I am using the Parallel Chunk Start node and then some DB nodes to insert data in a database(locally) in parallel. I have 8 threads in my laptop and I am wondering if there is an optimal split for my data so that “insert” is faster. Does the number of the chunks basically is the number of potential threads that can be used if they are free?
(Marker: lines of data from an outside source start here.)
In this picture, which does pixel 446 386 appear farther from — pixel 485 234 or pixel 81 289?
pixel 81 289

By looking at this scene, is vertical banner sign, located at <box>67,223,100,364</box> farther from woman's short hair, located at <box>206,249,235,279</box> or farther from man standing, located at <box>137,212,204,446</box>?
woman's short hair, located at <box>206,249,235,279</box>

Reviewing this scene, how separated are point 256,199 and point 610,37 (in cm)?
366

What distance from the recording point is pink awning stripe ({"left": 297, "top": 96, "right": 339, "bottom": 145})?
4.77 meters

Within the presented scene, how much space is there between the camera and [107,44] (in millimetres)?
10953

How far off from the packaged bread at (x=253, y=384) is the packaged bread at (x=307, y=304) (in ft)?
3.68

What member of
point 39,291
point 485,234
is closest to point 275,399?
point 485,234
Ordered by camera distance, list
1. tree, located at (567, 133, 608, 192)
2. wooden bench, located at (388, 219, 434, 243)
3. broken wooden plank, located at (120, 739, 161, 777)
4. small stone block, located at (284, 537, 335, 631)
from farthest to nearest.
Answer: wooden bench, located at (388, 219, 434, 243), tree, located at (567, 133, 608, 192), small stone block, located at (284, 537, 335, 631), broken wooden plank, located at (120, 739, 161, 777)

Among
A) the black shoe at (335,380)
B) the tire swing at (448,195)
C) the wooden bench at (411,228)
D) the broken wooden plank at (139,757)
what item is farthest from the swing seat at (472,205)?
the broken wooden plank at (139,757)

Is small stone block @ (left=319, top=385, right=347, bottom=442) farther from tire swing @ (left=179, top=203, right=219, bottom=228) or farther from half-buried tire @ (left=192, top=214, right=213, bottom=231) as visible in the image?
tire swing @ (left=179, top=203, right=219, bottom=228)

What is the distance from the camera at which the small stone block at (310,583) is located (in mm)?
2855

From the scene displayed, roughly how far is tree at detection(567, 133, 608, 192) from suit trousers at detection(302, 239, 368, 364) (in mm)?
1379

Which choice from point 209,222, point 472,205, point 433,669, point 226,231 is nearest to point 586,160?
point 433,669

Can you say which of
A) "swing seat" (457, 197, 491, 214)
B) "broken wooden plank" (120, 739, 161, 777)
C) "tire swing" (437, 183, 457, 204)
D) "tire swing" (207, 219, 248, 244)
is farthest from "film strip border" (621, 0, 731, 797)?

AlexanderFillbrunn · March 4, 2020, 9:33am

Hi @ktzanakis,
this depends on your setting in the KNIME preferences. The setting “Maximum working threads for all nodes” specifies how many threads KNIME uses. By default, this is the number of logical cores in your machine times 2, so if you have 4 cores with hyperthreading, you have 8 logical cores and KNIME will use 16 threads. Those threads are managed in a thread pool, so any time a node is executed, a thread from that pool will be tasked with doing the work. The Parallel Chunk Start does nothing more than generate multiple workflow branches with the content of the loop and executes those in parallel using the thread pool. My guess would be that splitting the table up into more partitions than you have numbers of (logical) cores will not improve your runtime, since the cores will just be switching back-and-forth between the threads.
Kind regards
Alexander

ktzanakis · March 4, 2020, 10:39am

Hi!
The Maximum working threads I have is 8, so I guess splitting the data in to more than 8 partitions/chunks, does not make any sense! Thank you very much Alexander!!
Best wishes,
Kostas

system · September 2, 2020, 10:39pm

This topic was automatically closed 182 days after the last reply. New replies are no longer allowed.